This dissertation examines representations of authorship and subjecthood in the Romantic period as products of market position and publishing mode. In doing so, it views the traditional concept of Romantic individualism commonly associated with the solitary poet as a strategy developed to help the author navigate a complex writer’s market. Rather than focusing upon individualism as the defining authorial model for this period, however, my project presents it as one example of a diverse range of representational strategies employed by different authors operating from different positions within the market. To this end, this study compares the authorial model of the independent poet with authors engaged in a variety of other modes of publishing, including hack essayists, serialized poets, periodical editors, and celebrity authors.

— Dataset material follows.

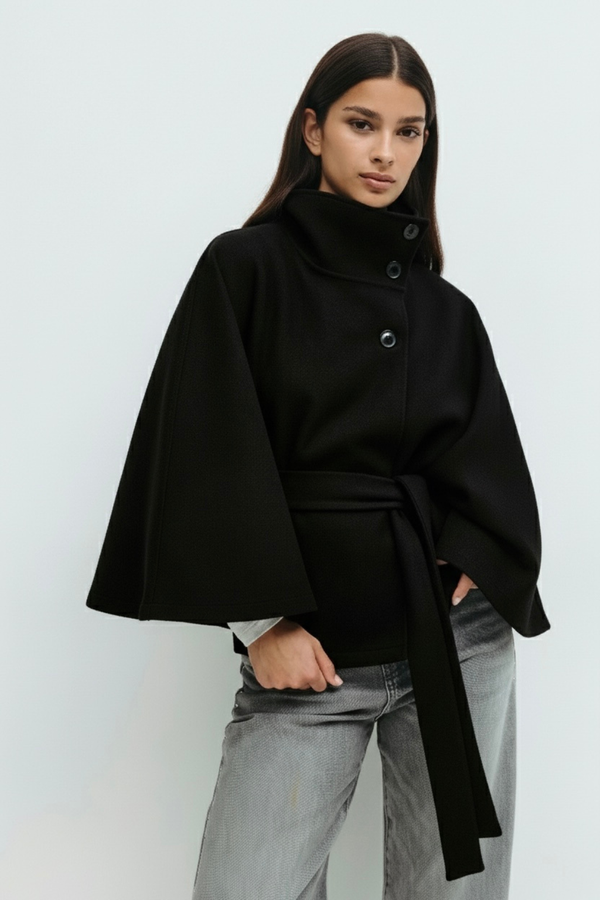 Chloe High-Neck Belted Cape Jacket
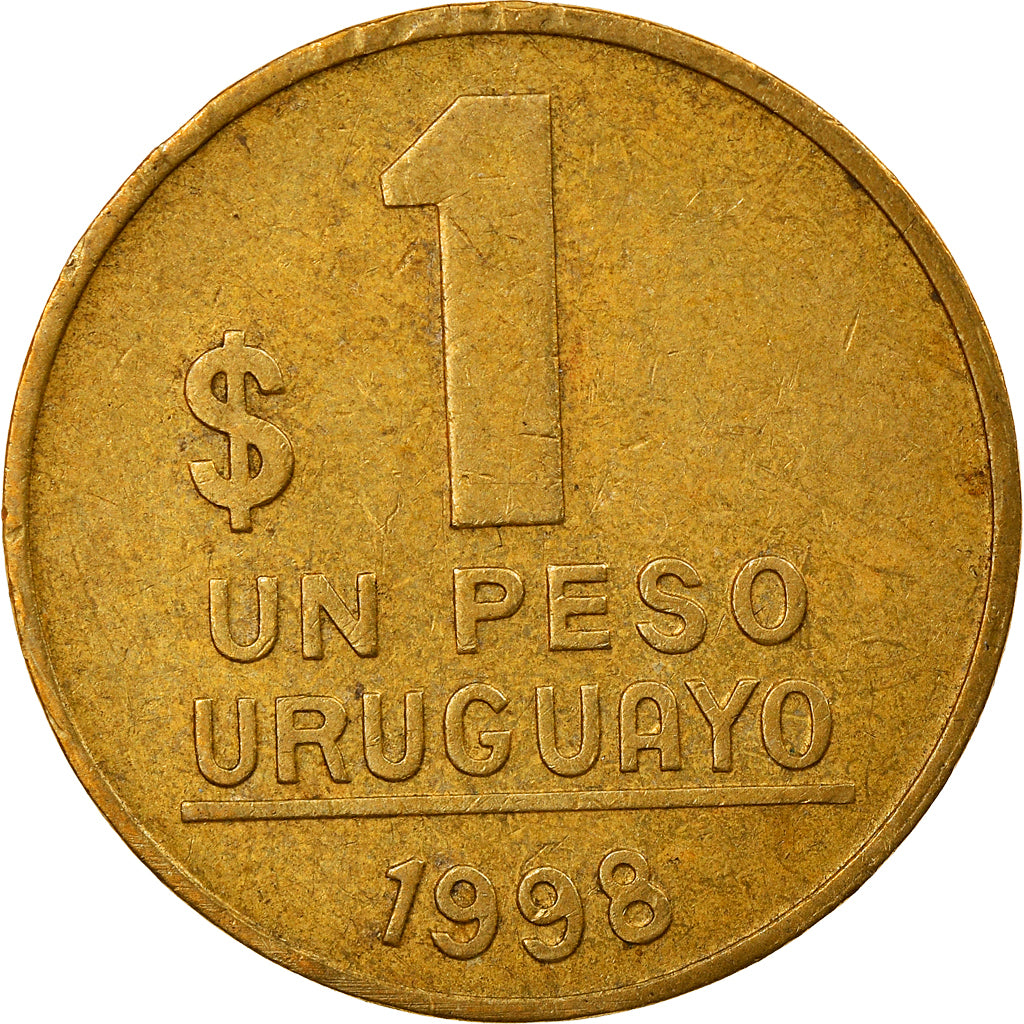 Moneda, Uruguay, Un Peso Uruguayo, 1998, MBC, Aluminio - bronce, KM:103.2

By examining authors operating across different publishing modes, I demonstrate that each one’s concept of public identity is shaped principally by his or her particular market position, as defined by working relationships with peers, involvement in the particulars of publishing, exchanges with the critical press, and engagement with readers. These authors include William Wordsworth, Lord Byron, Letitia Elizabeth Landon, Charles Lamb, and Francis Jeffrey. By juxtaposing their different models of authorship, this study seeks to bridge the longstanding discourse regarding the social isolation of the Romantic poet with more contemporary streams of scholarship into the material realities of the nineteenth-century publishing industry. Drawing upon the social philosophy of the Frankfurt School and Eric Gans’ theory of Generative Anthropology, I examine how different strategies of representation were developed to preserve personal meaning and sustain public attention. By comparing responses to the rise of the writer’s market and the ubiquity of print culture, this dissertation argues that Romantic period authors demonstrate a distinctly modern understanding of public identity as a product of mediation in mass media culture.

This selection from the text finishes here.